B-Tree Index Structure (Simplified)

Databases typically use B-tree indexes:

                     [H]
                   /       \
               [D]            [M]
             /     \       /        \
        [A,B,C]   [E,F,G] [I,J,K,L] [N,O,P]

Finding 'K' requires only 3 comparisons instead of scanning all letters.

Measuring Index Performance

def demonstrate_index_performance():
    """Show difference between indexed and non-indexed queries"""
    import time

    # Query WITHOUT index
    start = time.time()
    result = query_db("SELECT * FROM posts WHERE title LIKE '%Python%'")
    without_index = time.time() - start

    # Create index
    execute_db("CREATE INDEX IF NOT EXISTS idx_posts_title ON posts(title)")

    # Query WITH index
    start = time.time()
    result = query_db("SELECT * FROM posts WHERE title LIKE '%Python%'")
    with_index = time.time() - start

    print(f"Without index: {without_index*1000:.2f}ms")
    print(f"With index: {with_index*1000:.2f}ms")
    print(f"Improvement: {(without_index/with_index):.1f}x faster")

Query Execution Plans

Use EXPLAIN QUERY PLAN to see how SQLite executes queries:

def analyse_query_plan():
    """Check if query uses indexes"""
    query = "SELECT * FROM users WHERE username = 'alice'"

    # Get execution plan
    plan = query_db(f"EXPLAIN QUERY PLAN {query}")

    for step in plan:
        print(dict(step))

    # Without index: SCAN TABLE users
    # With index: SEARCH TABLE users USING INDEX idx_users_username

Composite Indexes

Indexes on multiple columns for complex queries:

-- Composite index on user_id and created_at
CREATE INDEX idx_posts_user_date ON posts(user_id, created_at);

-- This query benefits from composite index
SELECT * FROM posts 
WHERE user_id = 5 
ORDER BY created_at DESC;

Column Order Matters:

-- ✅ Good: Index can be used for both conditions
CREATE INDEX idx_posts_user_date ON posts(user_id, created_at);
SELECT * FROM posts WHERE user_id = 5 AND created_at > '2025-01-01';

-- ❌ Less optimal: Index only helps with created_at
CREATE INDEX idx_posts_date_user ON posts(created_at, user_id);
SELECT * FROM posts WHERE user_id = 5;  -- Can't use index efficiently

Rule of thumb: Put the most selective (unique) column first, and columns used in equality tests before range tests.

Index Trade-offs

flowchart LR
    A[Add Index] --> B[Benefits]
    A --> C[Costs]

    B --> B1[Faster SELECT]
    B --> B2[Faster WHERE]
    B --> B3[Faster JOIN]
    B --> B4[Faster ORDER BY]

    C --> C1[Slower INSERT]
    C --> C2[Slower UPDATE]
    C --> C3[Slower DELETE]
    C --> C4[More disk space]

    style A fill:#9370DB,stroke:#333
    style B fill:#9f9,stroke:#333
    style C fill:#ff6b6b,stroke:#333

When indexes hurt performance:

# If you have index on 'status' column
# But status only has values: 'active', 'inactive'
# Index doesn't help much because:
# - Low cardinality (only 2 unique values)
# - Database still needs to read ~50% of rows
# - Index maintenance overhead not worth it

# Better: Don't index low-cardinality columns

Shell Scripts for Database Management

Why Shell Scripts?

Shell scripts automate repetitive database administration tasks.

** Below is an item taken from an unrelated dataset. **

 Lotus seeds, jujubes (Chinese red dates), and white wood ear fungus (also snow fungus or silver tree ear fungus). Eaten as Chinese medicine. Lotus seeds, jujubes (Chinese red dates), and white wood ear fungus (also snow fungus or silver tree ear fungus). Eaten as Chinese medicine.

Instead of manually running backup commands daily, create a script that runs automatically.

Common Database Shell Script Uses:

  • Automated backups
  • Database restoration
  • Data export/import
  • Cleanup of old data
  • Database health monitoring
  • Log rotation
  • Performance reporting

Advanced Backup Script with Logging

Create backup_advanced.sh:

#!/bin/bash

# Advanced database backup script with logging and error handling

# Configuration
DB_FILE="myapp.db"
BACKUP_DIR="backups"
LOG_DIR="logs"
MAX_BACKUPS=7
DATE=$(date +%Y%m%d_%H%M%S)
BACKUP_FILE="${BACKUP_DIR}/myapp_${DATE}.db"
LOG_FILE="${LOG_DIR}/backup_${DATE}.log"

# Colours for output
GREEN='\033[0;32m'
RED='\033[0;31m'
YELLOW='\033[1;33m'
NC='\033[0m' # No Colour

# Function to log messages
log_message() {
    echo "[$(date '+%Y-%m-%d %H:%M:%S')] $1" | tee -a "$LOG_FILE"
}

# Function to log errors
log_error() {
    echo -e "${RED}[$(date '+%Y-%m-%d %H:%M:%S')] ERROR: $1${NC}" | tee -a "$LOG_FILE"
}

# Function to log success
log_success() {
    echo -e "${GREEN}[$(date '+%Y-%m-%d %H:%M:%S')] SUCCESS: $1${NC}" | tee -a "$LOG_FILE"
}

# Create directories if they don't exist
mkdir -p "$BACKUP_DIR" "$LOG_DIR"

log_message "Starting database backup..."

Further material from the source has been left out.